Of course, even the most detailed business and financial plans will be scuppered by future events. Yes, current orthodoxy trumpets laser-like focus, revenues, fly-wheels and more revenues but here’s a few reminders of how non-core initiatives can eventually be winning ones:
- Amazon: The core Amazon business is e-commerce and delivered almost $50 billion of revenues in Q3. But …..the “option” of launching cloud services (AWS) in 2006 has turned into a trillion dollar franchise with annual revenue run-rates of $70 billion growing at 40% with 30% margins. Wow.
- Google: The best performing “FAANG” company (FaceB, Apple, Amazon, Netflix and Google) of 2021 delivered $53 billion of core search/ad revenues in Q3 but is still growing at 44%. There’s lots to like in the wider group from Cloud Services to Android but the standout “option” channel must surely be YouTube which Google bought for $1.65 billion in 2006, an amount which now equates to about 20 days of YouTube revenues.
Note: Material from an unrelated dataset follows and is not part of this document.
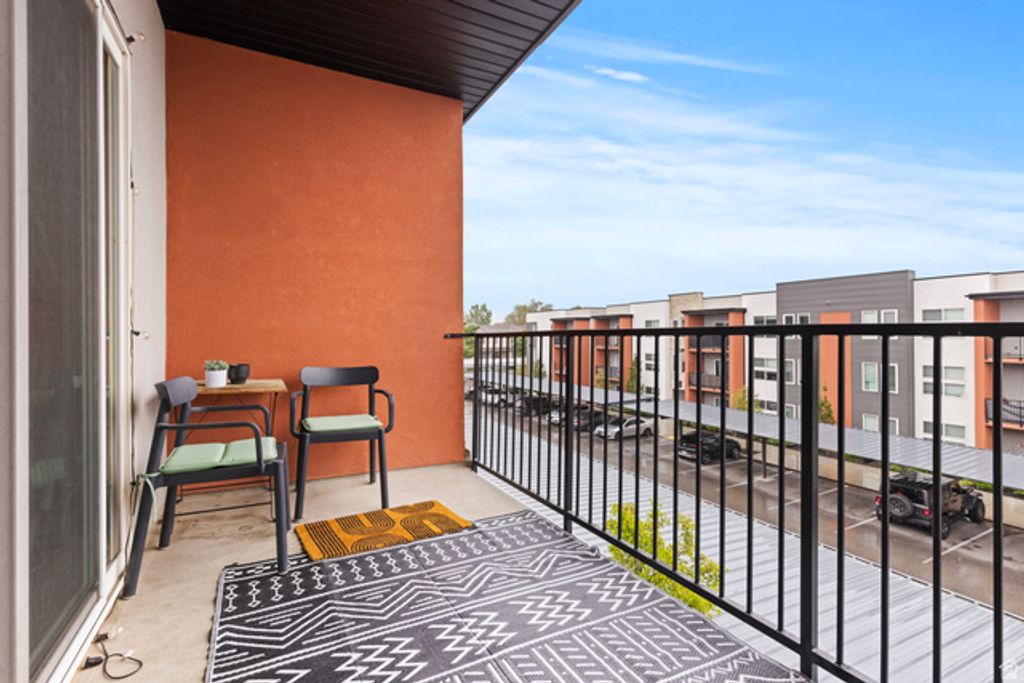 Image 19 of property listing at 875 S DEPOT ST #B355, Clearfield, UT 84015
YouTube’s revenues alone are likely to pass those of fellow “FAANG” Netflix in Q4.
Note both of these companies remain dominant and focused in their original core activities which have financed other opportunities. Bluntly, they had the cash to lose if the “option” didn’t work out and they avoided large and time-consuming M&A activity. Sadly, GE and its long-suffering shareholders embarked on far more costly options which took years to exit. Lesson learned, know what is core.